### RECORDS FOR THE EXERCISE ###

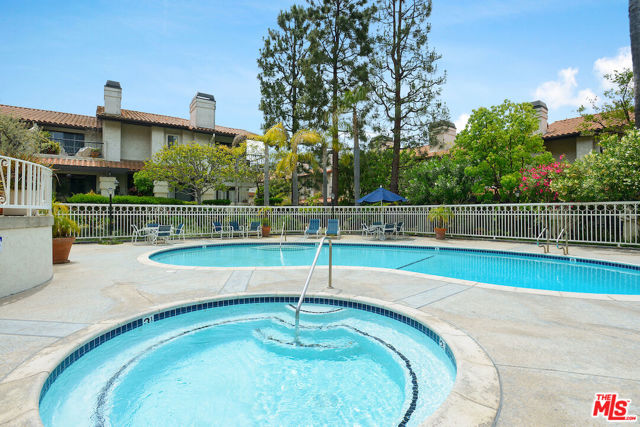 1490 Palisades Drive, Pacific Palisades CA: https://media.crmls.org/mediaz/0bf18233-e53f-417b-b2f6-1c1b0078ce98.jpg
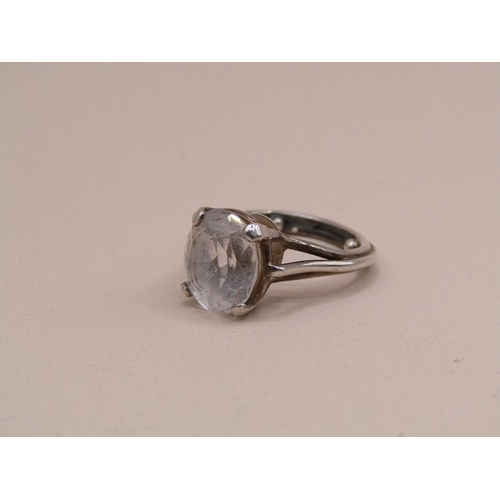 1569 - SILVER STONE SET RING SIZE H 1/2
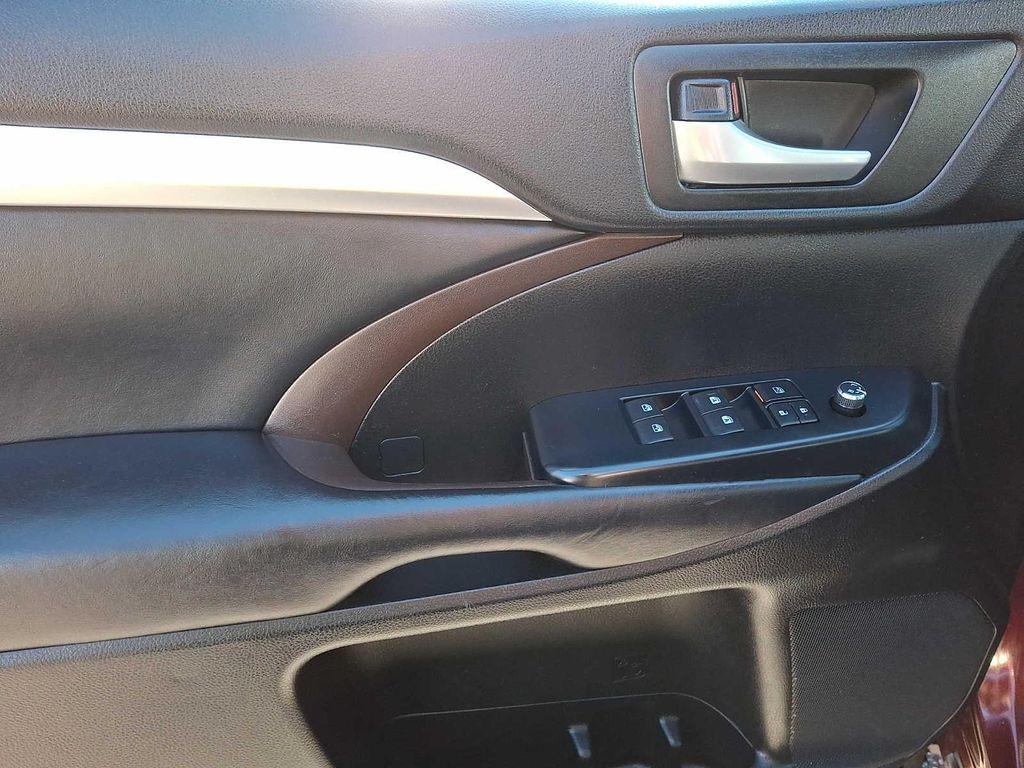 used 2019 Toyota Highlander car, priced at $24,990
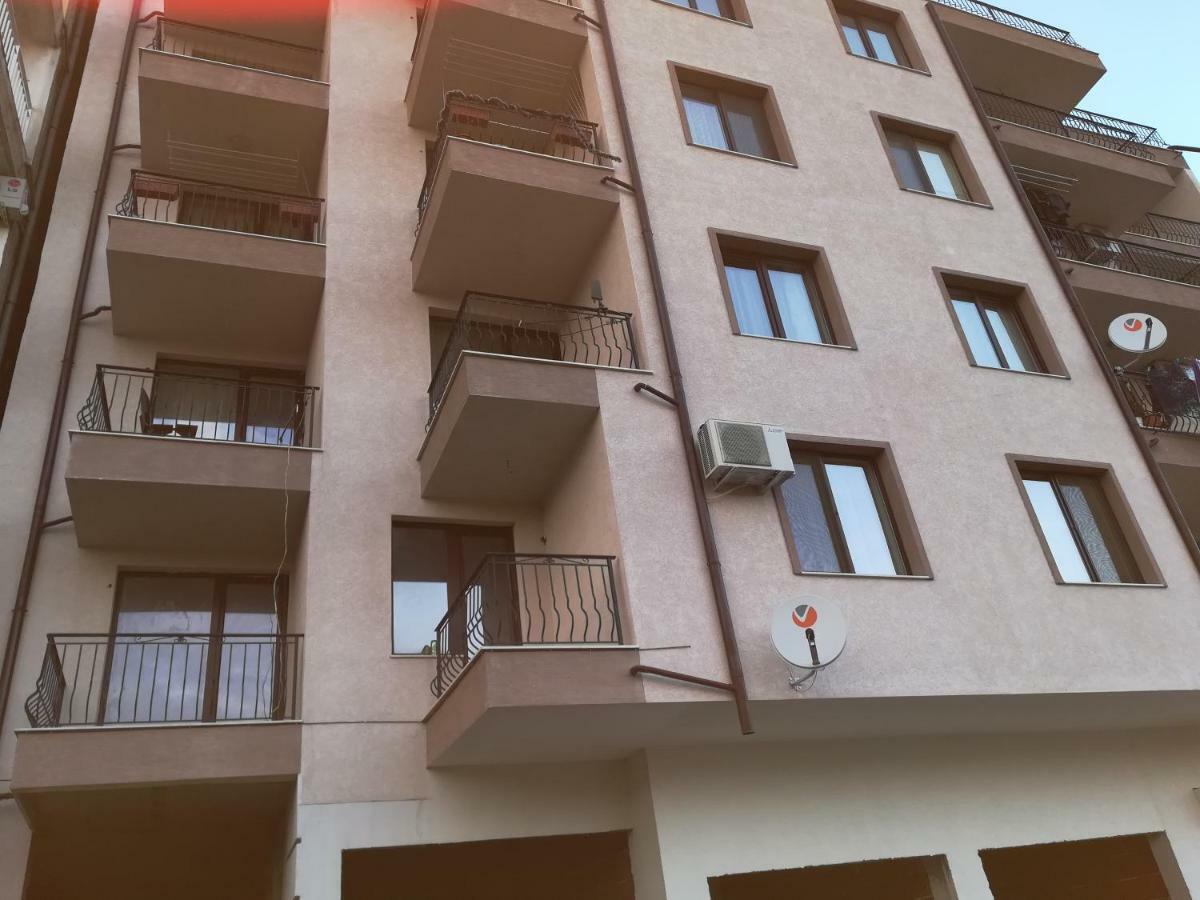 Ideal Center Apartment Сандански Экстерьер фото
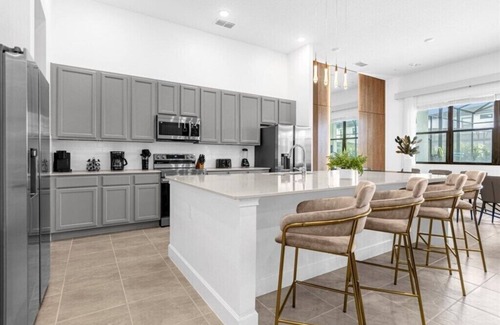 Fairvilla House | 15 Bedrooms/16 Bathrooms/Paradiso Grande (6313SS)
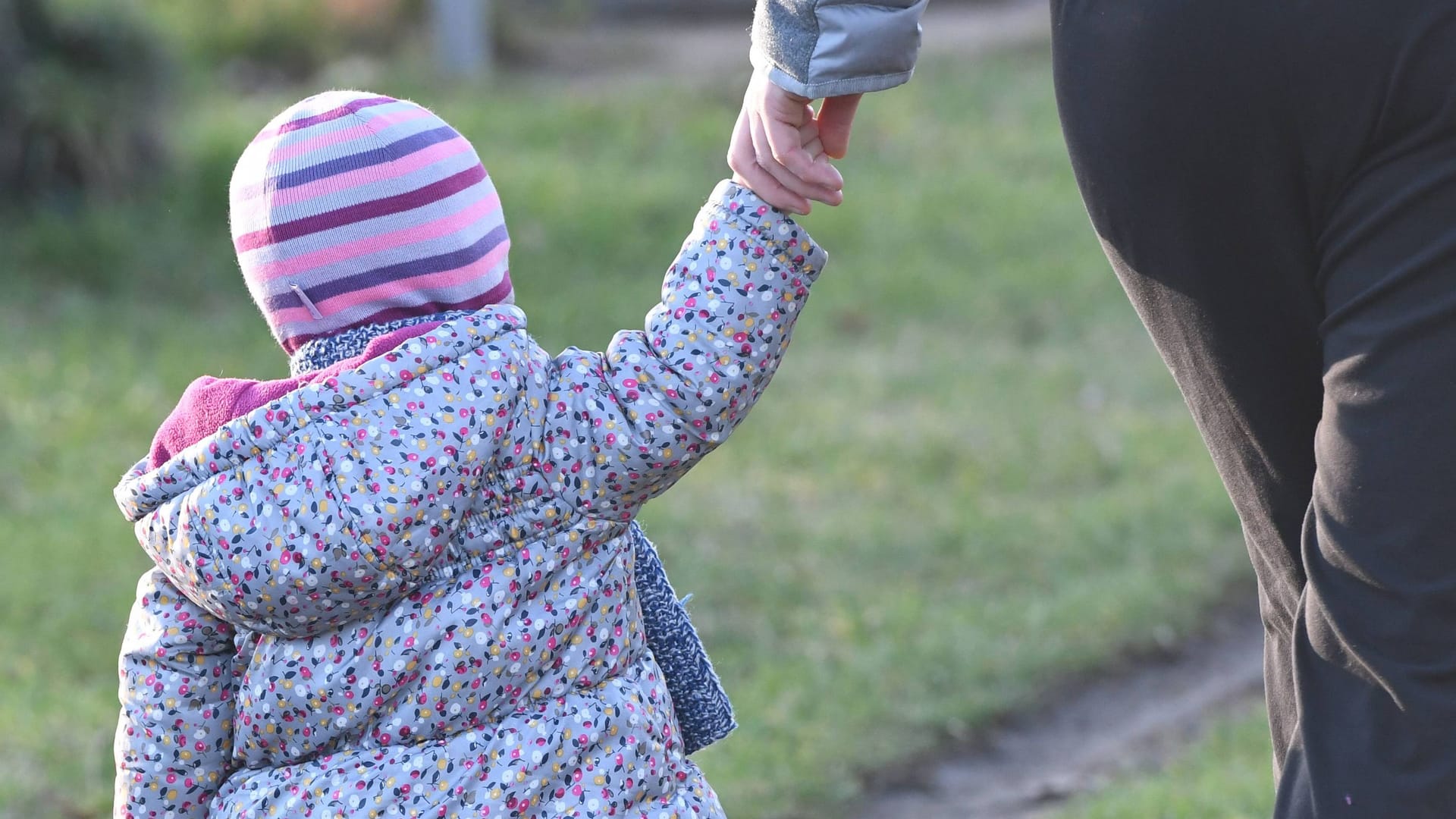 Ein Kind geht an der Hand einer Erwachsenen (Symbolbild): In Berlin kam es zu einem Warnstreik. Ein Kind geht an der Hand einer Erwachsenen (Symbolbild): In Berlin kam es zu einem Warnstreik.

###
### RECORDS FOR THE EXERCISE ###

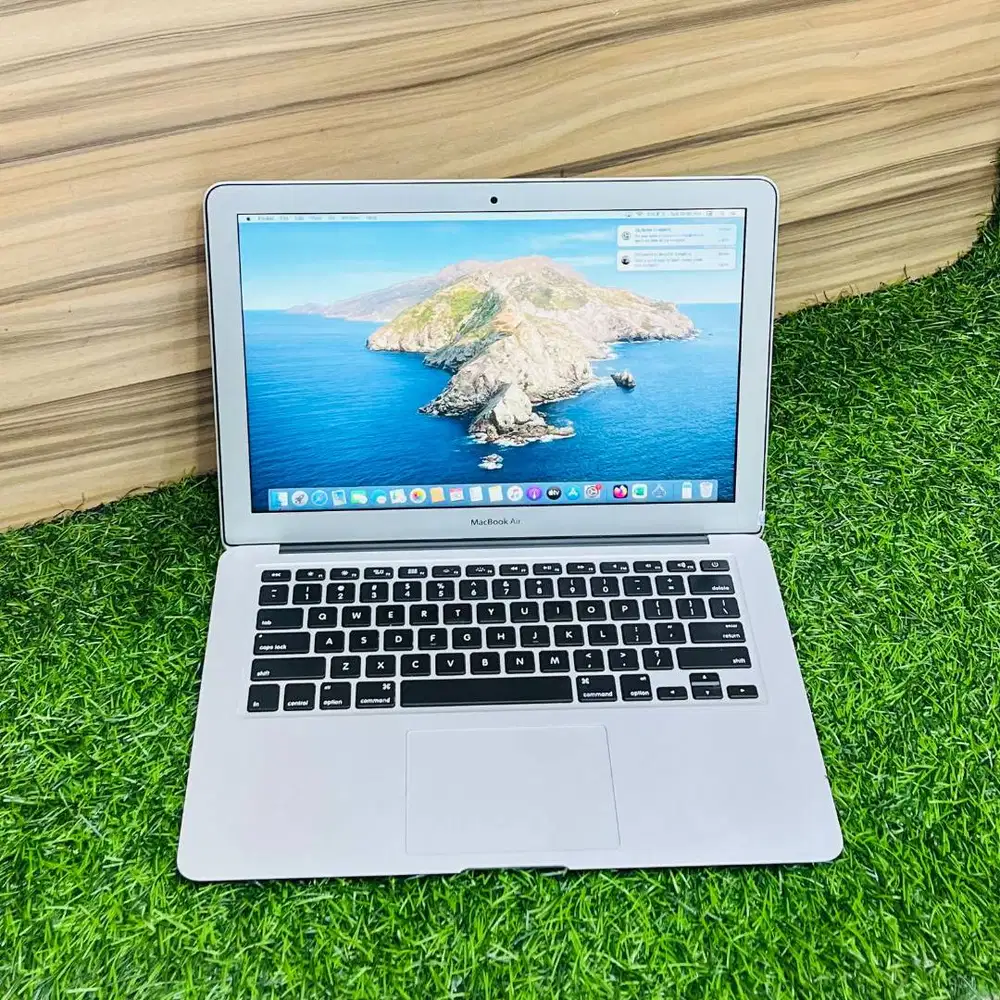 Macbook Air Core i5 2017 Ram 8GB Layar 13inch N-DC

###
### RECORDS FOR THE EXERCISE ###

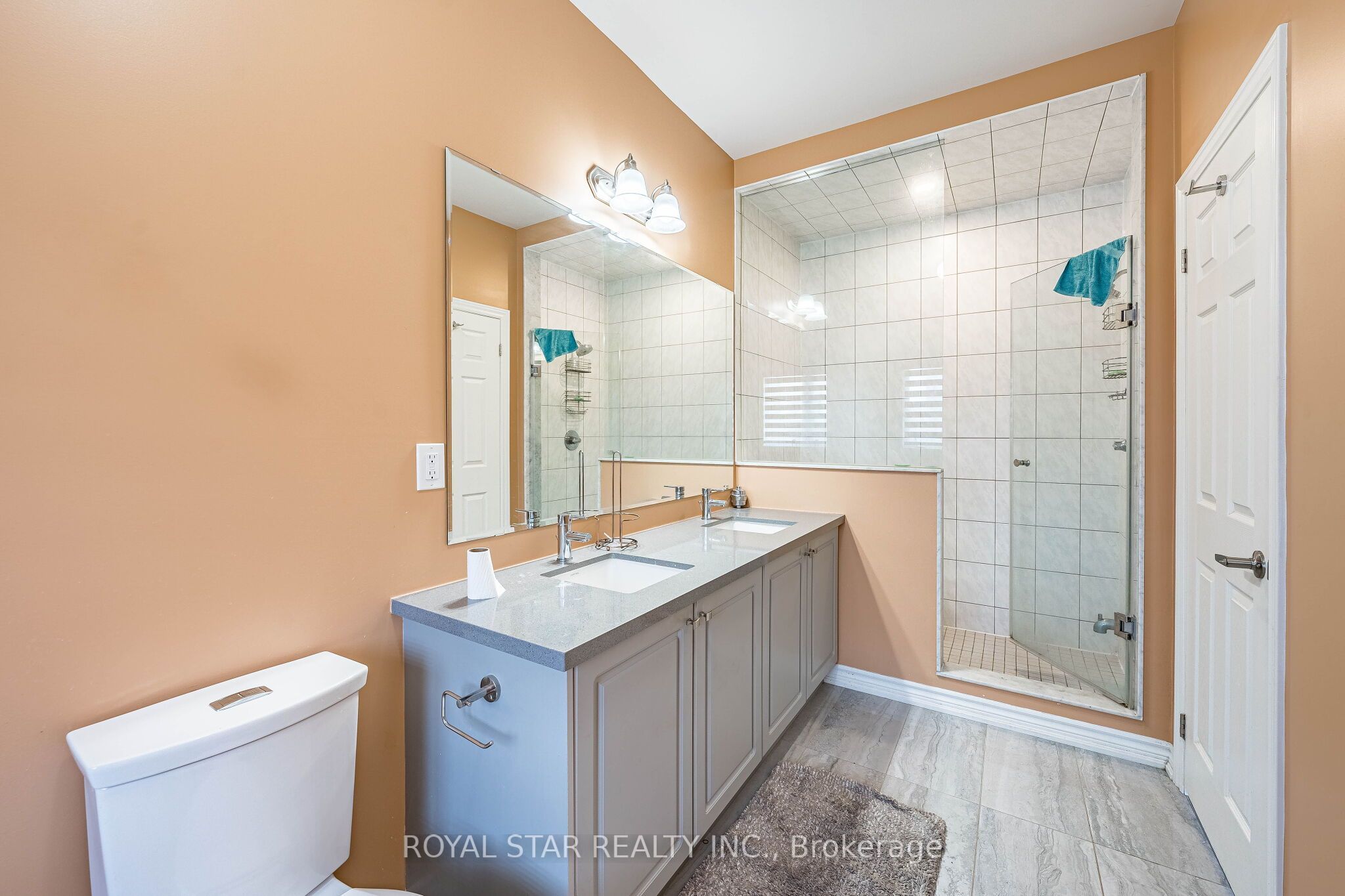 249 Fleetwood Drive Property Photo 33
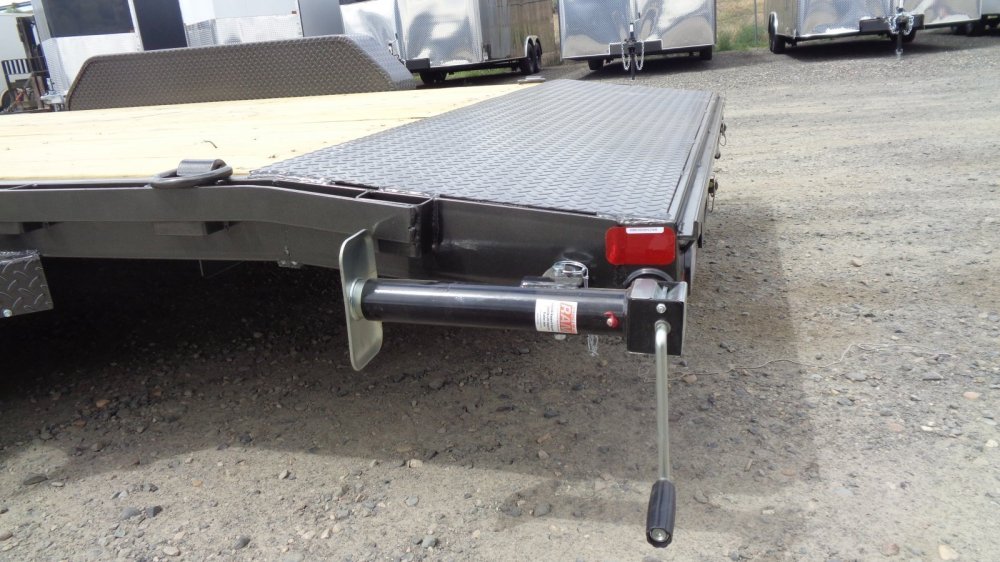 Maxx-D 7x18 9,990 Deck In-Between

###

## ACTIVITY
Look above for the line with "Ideal Center Apartment", then print it and each line after it down to and including the line with "einem Warnstreik. Ein". Leave out the pictures and keep the wording exact.

## RESPONSE TO THE TASK
 Ideal Center Apartment Сандански Экстерьер фото
 Fairvilla House | 15 Bedrooms/16 Bathrooms/Paradiso Grande (6313SS)
 Ein Kind geht an der Hand einer Erwachsenen (Symbolbild): In Berlin kam es zu einem Warnstreik. Ein Kind geht an der Hand einer Erwachsenen (Symbolbild): In Berlin kam es zu einem Warnstreik.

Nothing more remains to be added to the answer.